In the culture and practice of the Roman Catholic Church - a Shrine to the Virgin Mary (or Marian shrine) is a shrine marking an apparition or other miracle ascribed to the Blessed Virgin Mary, or a site on which is centered a historically strong Marian devotion. Such locales are often the destination of pilgrimages.
Some of the largest shrines are due to reported Marian apparitions to young and simple people on remote hilltops that had hardly been heard of prior to the reported apparition. The case of Saint Juan Diego's reported vision of Our Lady of Guadalupe in 1531 is similar to the case of Saint Bernadette Soubirous's vision in 1858 of Our Lady of Lourdes. Both saints reported a miraculous Lady on a hilltop who asked them to request that the local priests build a chapel at the site of the vision. Both visions included a reference to roses and led to large churches being built at the sites. Like Our Lady of Guadalupe in Mexico, Our Lady of Lourdes is a major Catholic symbol in France. Both visionaries were eventually declared saints.
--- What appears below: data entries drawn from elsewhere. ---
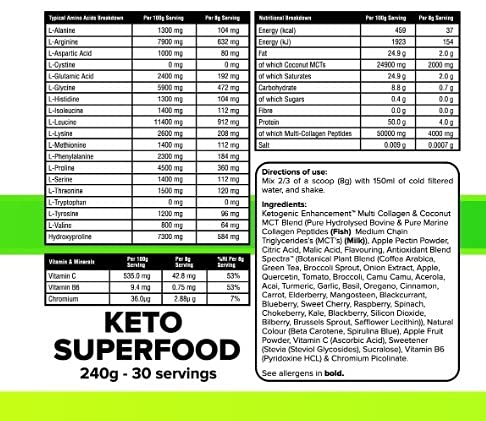 K-GEN™ Keto Superfood Collagen Diet Shake Superfood Micronutrient & Anti-oxidant Blend K GEN ketogenic enhancementAu supplements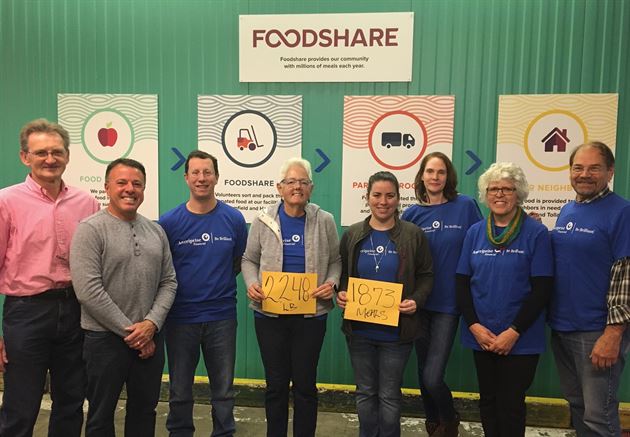 FoodShare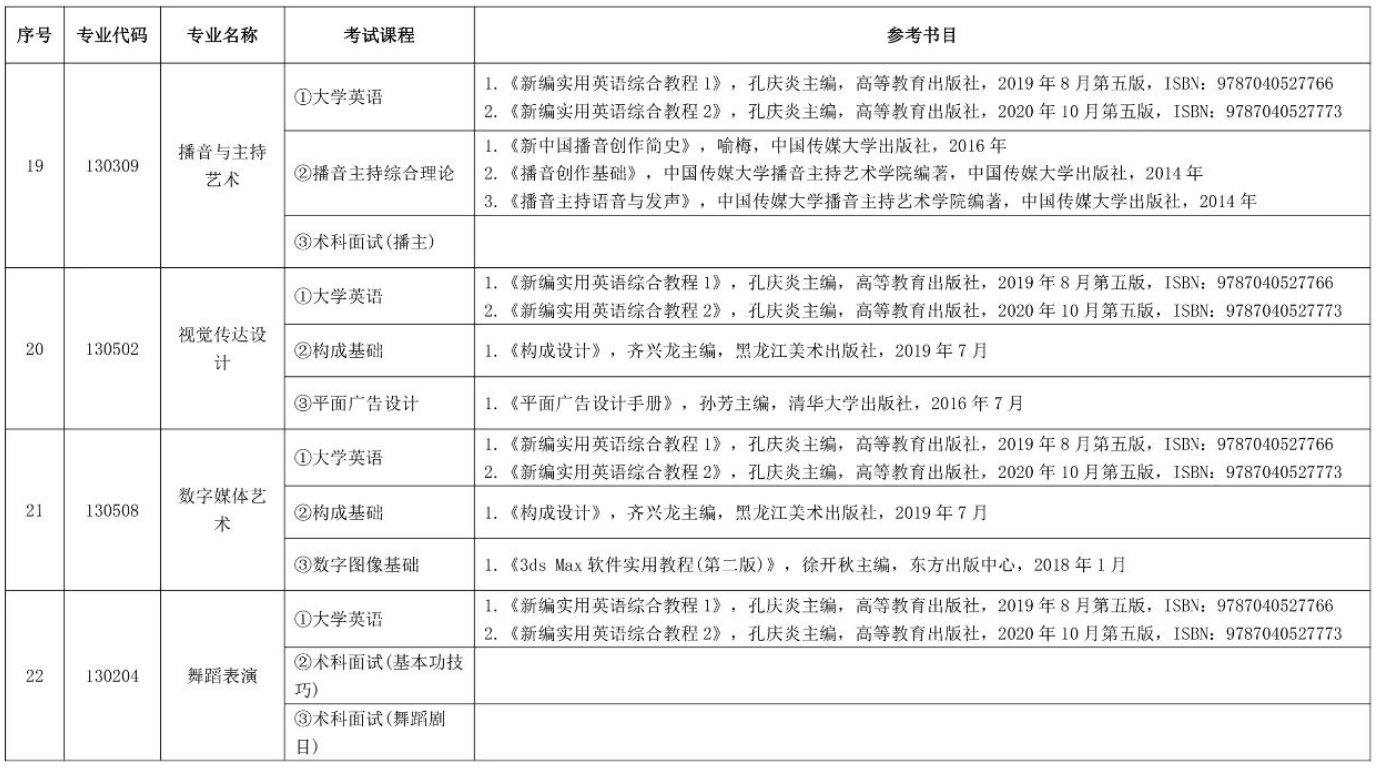 湖南信息学院2023年专升本各专业考试科目及参考书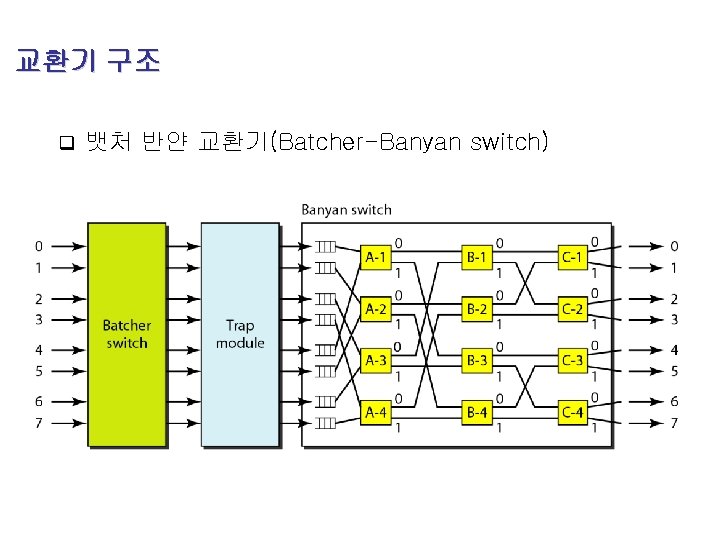 교환기 구조 q 뱃처 반얀 교환기(Batcher-Banyan switch) 54 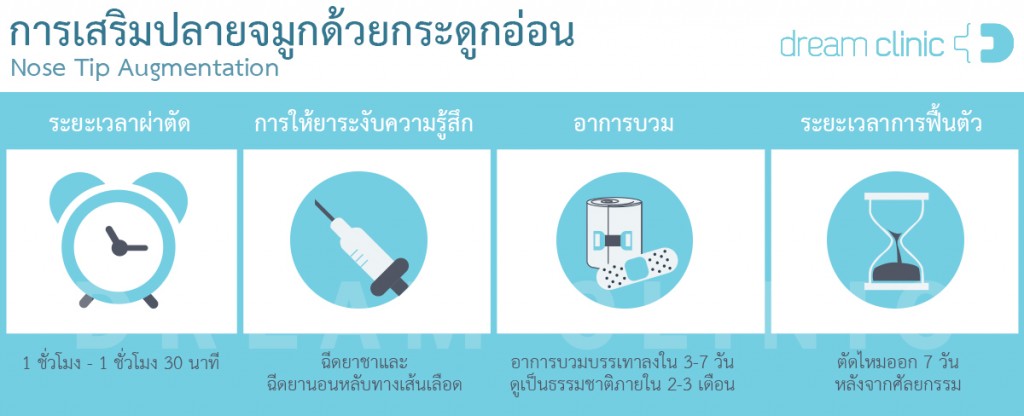เสริมจมูก กระดูกอ่อนหู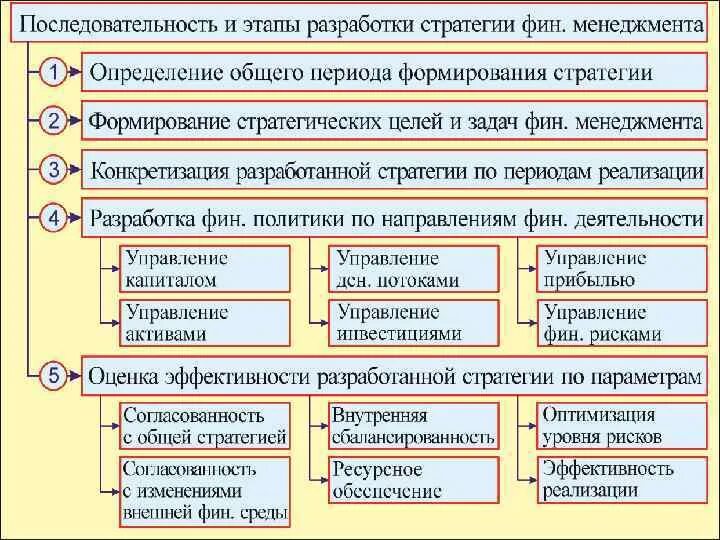 Фин менеджмент. Этапы финансового менеджмента. Этапы становления финансового менеджмента. Направления фин менеджмента.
The number of pilgrims who visit some of these shrines every year can be significant. E.g. Lourdes with a population of around 15,000 people, receives about 5,000,000 pilgrims every year and within France only Paris has more hotel rooms than Lourdes. Over 1,000,000 pilgrims visit the Black Madonna statue in the Chapel of Grace in Altötting, Germany every year, where for more than 500 years miracles have been attributed to praying to the Virgin Mary at that shrine.